In the records below, find the line that contains "Louisiana-Particular person ist". Retype that line and all the lines after it through the end, leaving out the pictures.
[[ Given records, beginning ]]
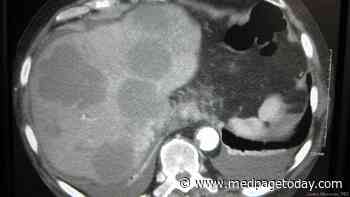 Combination Improves Survival in Hepatitis-Related Liver Cancer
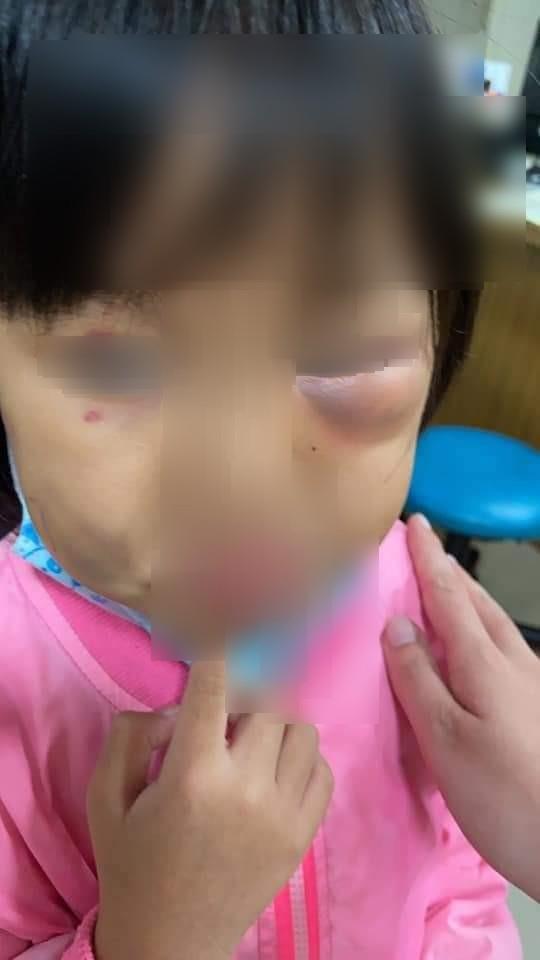 兒童托育,請人帶孩子,小孩托育,請朋友顧小孩,幫忙顧小孩,朋友 顧小孩,傷害兒童
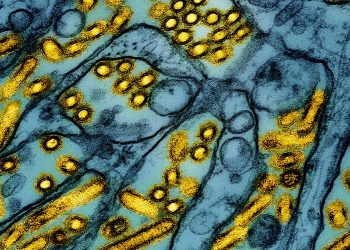 Louisiana-Particular person ist der erste Todesfall durch Vogelgrippe in den USA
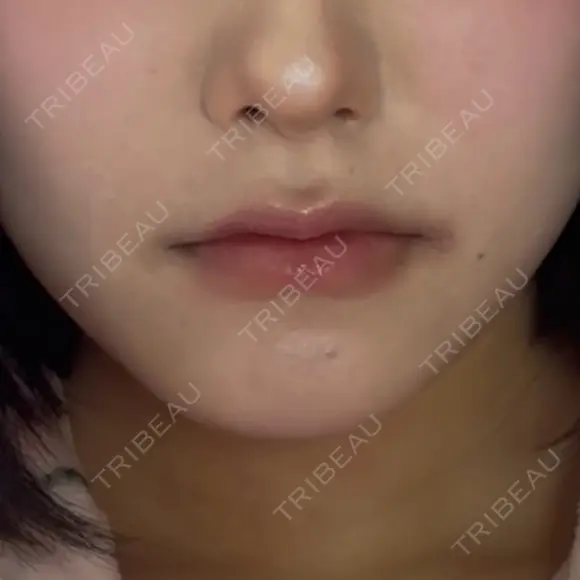 ヒアルロン酸注入（あご） ECLA CLINIC (エクラクリニック) BEFORE メイン用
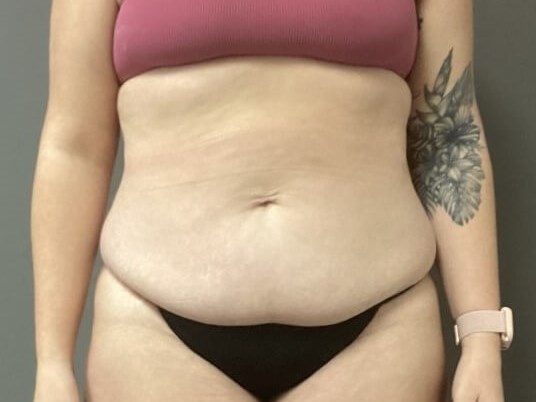 Anterior Before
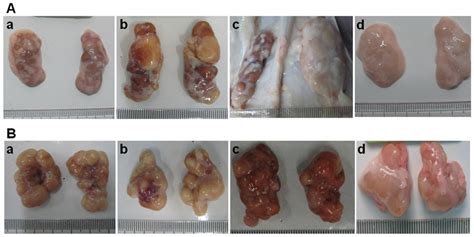 Clinical Pictures Of Inguinal A And Submandibular B Lymph Nodes In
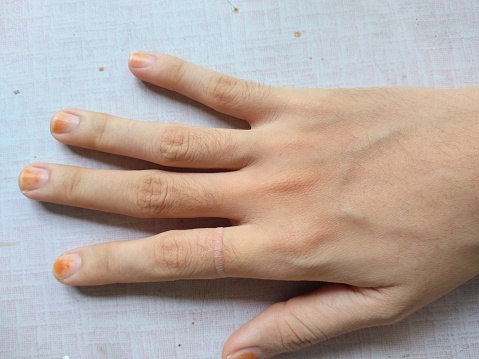 wearing a small ring causes marks on the fingers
[[ Given records, end ]]
Problem solution -
 Louisiana-Particular person ist der erste Todesfall durch Vogelgrippe in den USA
 ヒアルロン酸注入（あご） ECLA CLINIC (エクラクリニック) BEFORE メイン用
 Anterior Before
 Clinical Pictures Of Inguinal A And Submandibular B Lymph Nodes In
 wearing a small ring causes marks on the fingers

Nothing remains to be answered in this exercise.